Start of Block

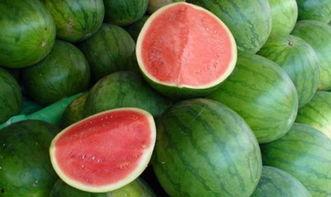 热门大瓜每日必吃大瓜合集,揭秘娱乐圈最新动态，一网打尽娱乐圈风云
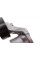534055310 INA Натягувач ременя генератора Citroen C1/Peugeot 108 1.0 VTi 14-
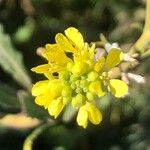 Hirschfeldia incana Flower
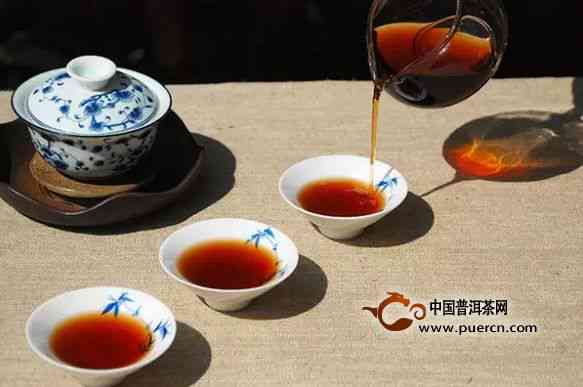 从选茶到品茗：上根臻品普洱茶全方位解析与品鉴指南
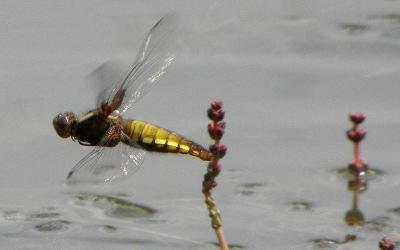 Fishwick Local Nature Reserve and Recreation Ground - Visit Preston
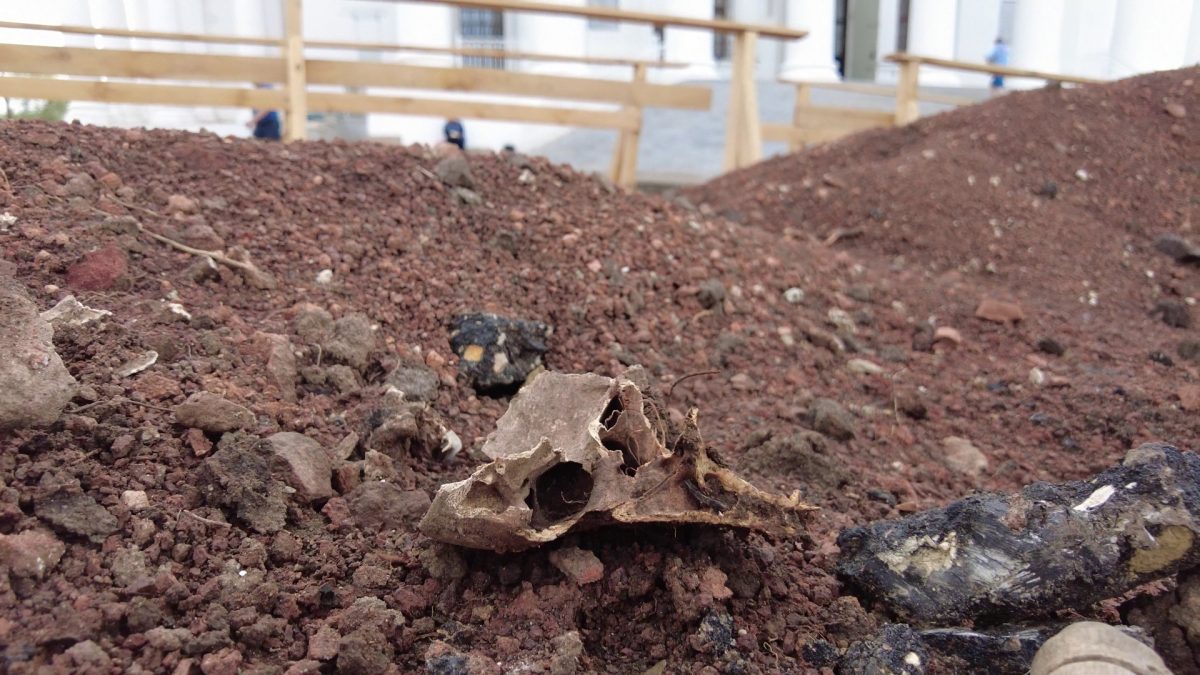 Археологи опровергли информацию о найденных человеческих останках в центре Арзамаса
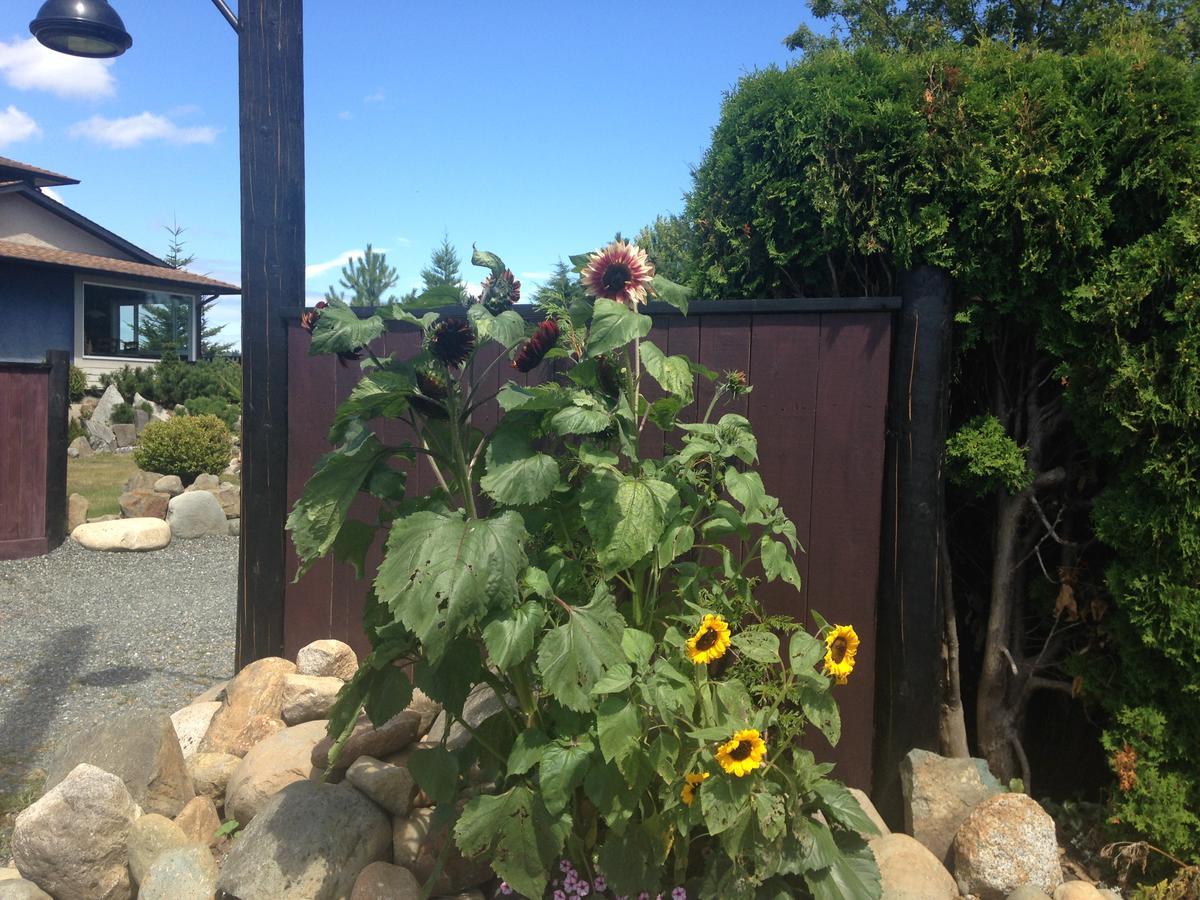 Estuary House Reflexology B&B Courtenay Exterior foto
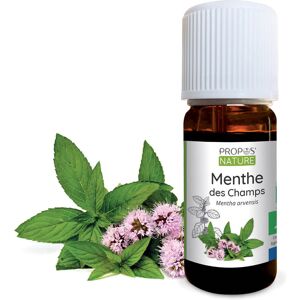 Menthe des champs BIO - Huile essentielle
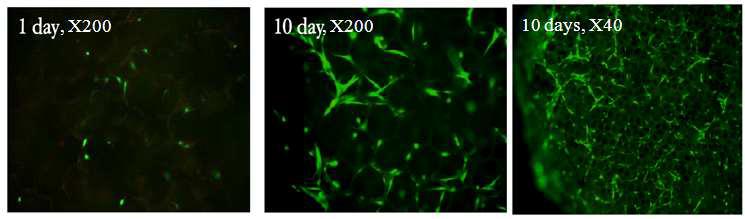 동일 세포 수 조건의 2차원 및 3차원 배양 시 cell viability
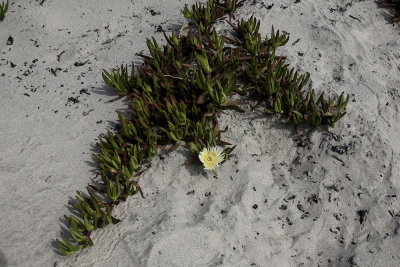 Sea Fig (Carpobrotus edulis)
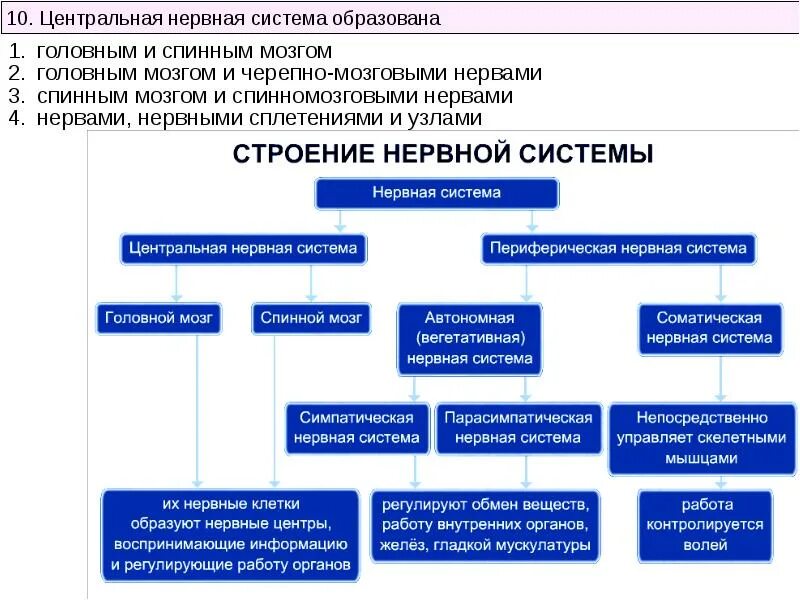 Принципы строения нервной системы. Структуры ЦНС схема. Общие принципы строения центральной нервной системы. Структура ЦНС человека.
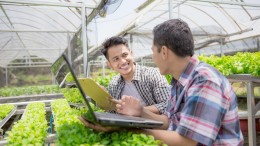 Sectoranalyse Agricultuur 'Bedrijven moeten snel zorgen dat ze top-3 speler worden'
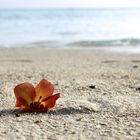 Fiore sulla spiaggia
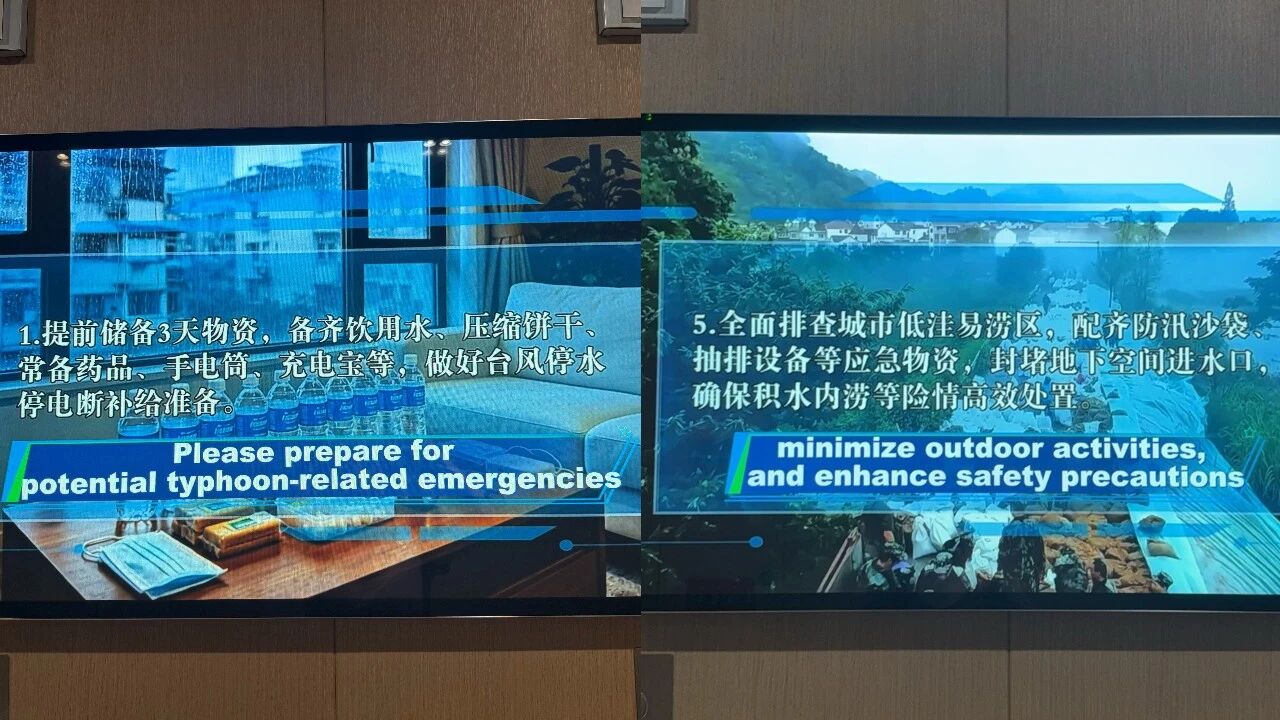 台风白海豚5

End of Block

Exercise instructions :: Every picture stays out; reproduce exactly the lines from the one with "Hirschfeldia incana Flower" through the last line of the data above.

Result for this task ::
 Hirschfeldia incana Flower
 从选茶到品茗：上根臻品普洱茶全方位解析与品鉴指南
 Fishwick Local Nature Reserve and Recreation Ground - Visit Preston
 Археологи опровергли информацию о найденных человеческих останках в центре Арзамаса
 Estuary House Reflexology B&B Courtenay Exterior foto
 Menthe des champs BIO - Huile essentielle
 동일 세포 수 조건의 2차원 및 3차원 배양 시 cell viability
 Sea Fig (Carpobrotus edulis)
 Принципы строения нервной системы. Структуры ЦНС схема. Общие принципы строения центральной нервной системы. Структура ЦНС человека.
 Sectoranalyse Agricultuur 'Bedrijven moeten snel zorgen dat ze top-3 speler worden'
 Fiore sulla spiaggia
 台风白海豚5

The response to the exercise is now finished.